Da un recente rapporto Istat sul futuro demografico del paese emerge che l’Italia passerà dagli attuali 61 milioni di abitanti a circa 54 milioni entro i prossimi quaranta anni. Nello stesso periodo la speranza di vita media si alzerà dai 78 a circa 84 anni, generando un fortissimo squilibrio tra chi è in età di lavoro (20 – 69 anni) rispetto alla popolazione degli over 70. Tale rapporto, che nel 2000 era di 5 a 1, scenderà tra 40 anni a 1 a 1 con un lavoratore per ogni persona di età uguale o superiore a 70 anni.
Dovremo affrontare un automatico e significativo aumento del costo della spesa sanitaria e parallelamente il rischio di un ulteriore aumento del debito pubblico, che già oggi presenta livelli di rapporto col Pil non tra i più virtuosi. Difficile quindi non pensare ad un ulteriore aumento delle imposte, ad un taglio delle pensioni ed ad una diminuzione dei servizi che lo Stato oggi garantisce.
Altro elemento di preoccupazione sono i 250mila giovani (tra i 15 – 34 anni) emigrati nell’ultimo decennio, costati all’Italia un importante contributo intellettuale, oltre ai 16 miliardi di euro di mancata ricchezza prodotta.
Come affrontare questo nostro fenomeno demografico, quando parallelamente il pianeta tra 40 anni sarà abitato da quasi 10 miliardi di persone, quando già oggi nel continente africano ogni anno 50 milioni di giovani diventano diciottenni e quando per ogni bimbo che nasce nella nostra penisola ne nascono 70 in India? Riuscirà il nostro paese a rimanere competitivo in un contesto di rischio di ritorno alle regionalizzazioni? Quale sarà l’impatto sulle nostre esportazioni della guerra sui dazi tra Stati Uniti e Cina, paese che ancora oggi ricorda il prezzo che dovette pagare durante le guerre dell’oppio nella metà dell’800?
Sicuramente una risposta concreta è data dalla nostra capacità di sistema paese di saper innovare.
Nel XXI secolo l’innovazione è diventata il cuore e l’anima della politica economica mondiale, sia paesi sviluppati che quelli in via di sviluppo sono in corsa per abbandonare l’industrializzazione, adattandosi invece alle società imprenditoriali focalizzate sulla tecnologia. A riguardo, una ricerca di Bloomberg è riuscita a misurare, attraverso sette parametri equamente ponderati, la capacità di innovazione di 200 nazioni, pubblicando i risultati delle 60 migliori economie ogni anno più innovative. Ai vertici di questo indice troviamo la Sud Corea, la Germania, la Finlandia, la Svizzera ed Israele. L’Italia anche quest’anno ha perso una posizione scivolando al 21° posto del ranking mondiale.

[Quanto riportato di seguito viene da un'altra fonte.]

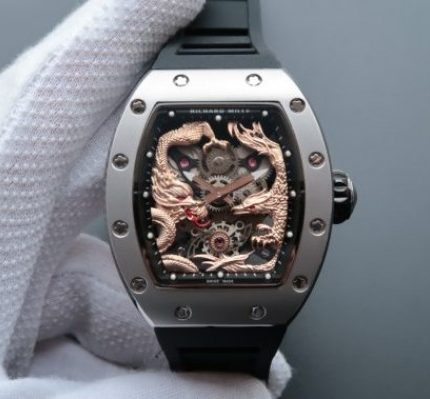 Replica Richard Mille RM057 Dragon Phoenix SS Case RG Dragon Dial Black Rubber Strap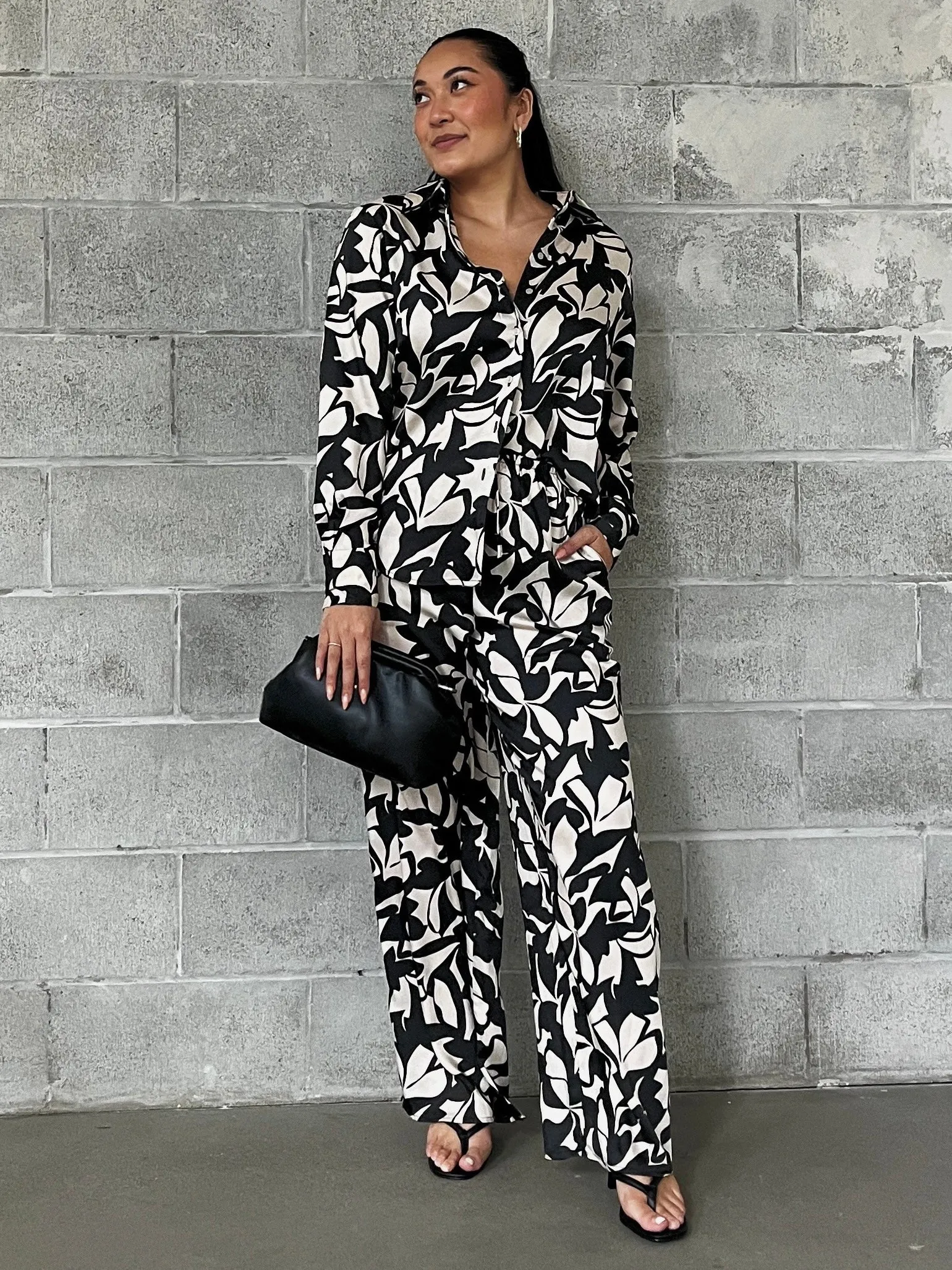 BLACK TAPE Printed Satin Button Up and Wide Leg Pant Set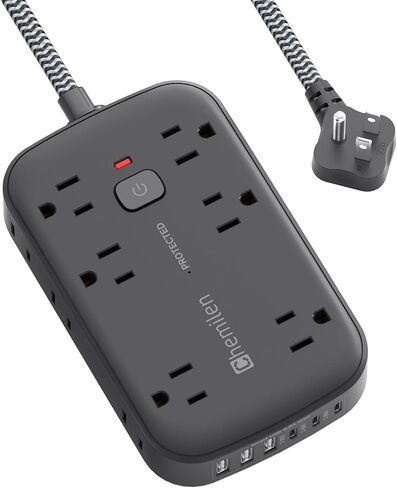 Power Strip with USB Ports, 2100J Surge Protector Outlet Extender, 5 Ft Extension Cord with 12 Outlets, 6 USB Charger(3 USB C Port), Indoor Desk Charging Station for Home and Office Accessories, Black in Saudi Arabia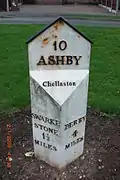 Milestone on the A514 in Chellaston, Derby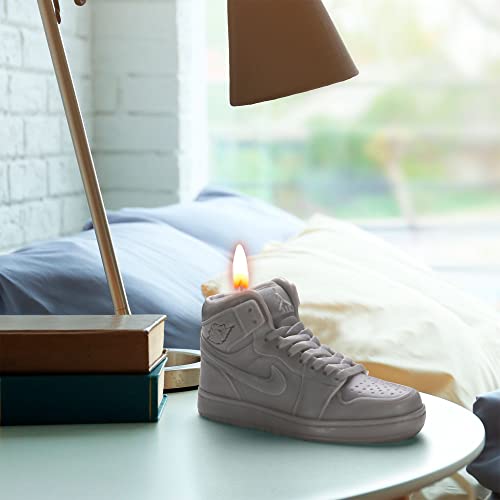 EMMill Extra Large Sneaker Shoe Candle - Grey - 7” x 4” - Vanilla Scented, Realistic Detail, 100% Soy Wax, Strong Cotton Wick. Perfect Decoration for Home Decor, Living Room, Bedroom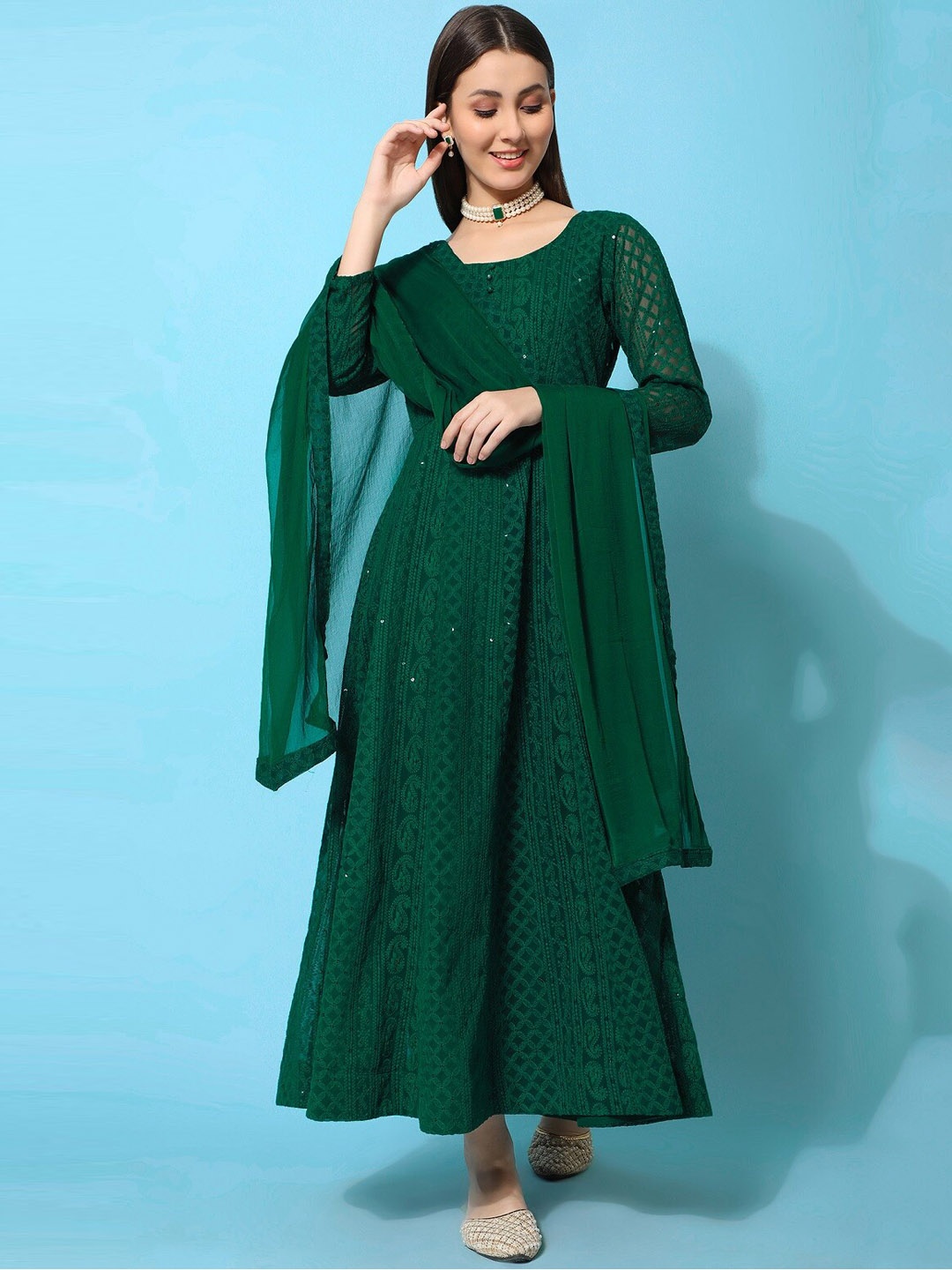 

KALINI Ethnic Motifs Embroidered Sequined Fit & Flare Maxi Ethnic Dress With Dupatta, Green
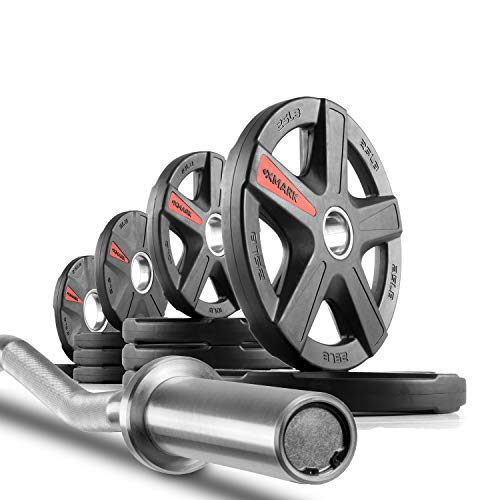 XMark Commercial Hard Chrome Olympic EZ Curl Bar Brass Bushings with Texas Star 115 lb. Olympic Plate Weight Set, Great for Bicep Curl and Triceps Extension, Can Be Used with Preacher Curl Bench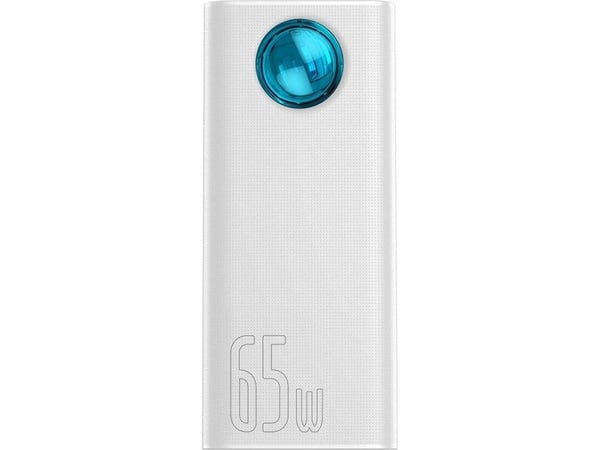Eksternt batteri Baseus Amblight 30000mAh, 4xUSB, USB-C, 65W - hvit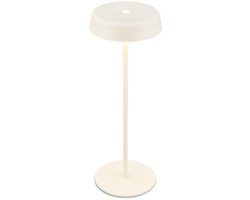 BRILONER Pala –Tafellamp oplaadbaar – dimbaar – draadloos – IP44 – warm wit licht – antiek wit kleur – Ø13 x 36,5 cm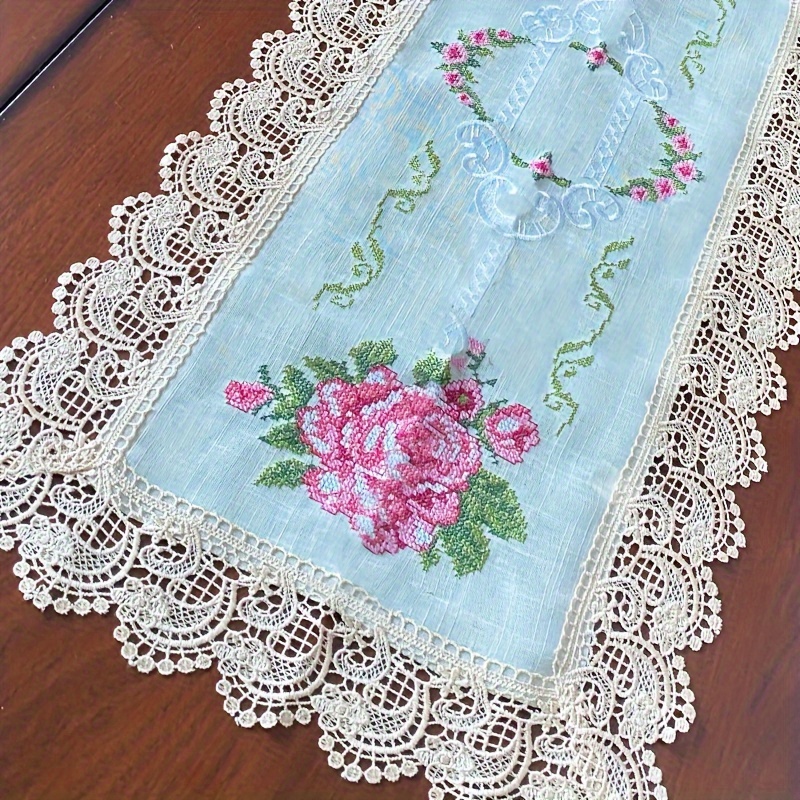 1pc, Polyester Table Runner, Exquisite Cross-stitch Embroidery Craft Table Cover, Holiday Desktop Decoration Soluble Lace Table Runner, Home Decoration, Dining Table Decor, Room Decor, Wedding Decor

Spese per ricerca e sviluppo, numero di brevetti depositati, efficienza terziaria, valore aggiunto di produzione, densità di azienda ad alta tecnologia, concentrazione di professionisti impegnati in ruoli di ricercatori e livelli di produttività complessivi della popolazione in età lavorativa rappresentano i sette parametri presi in esame. Basterebbe riflettere ed intensificare gli sforzi su queste linee guida utilizzate dagli analisti americani per cercare di essere maggiormente competitivi nello scenario economico mondiale.
Il tempo non gioca a nostro favore, occorre fare in fretta lavorando tutti per lo stesso obiettivo, ricordando sempre che ancora oggi mai nessuna nazione è riuscita a creare uno sviluppo di ricchezza pro-capite come ebbe l’Italia dal dopoguerra fino agli anni ‘80.
Il pensiero di essere capaci di miracoli economici e sociali non ci deve mai abbandonare.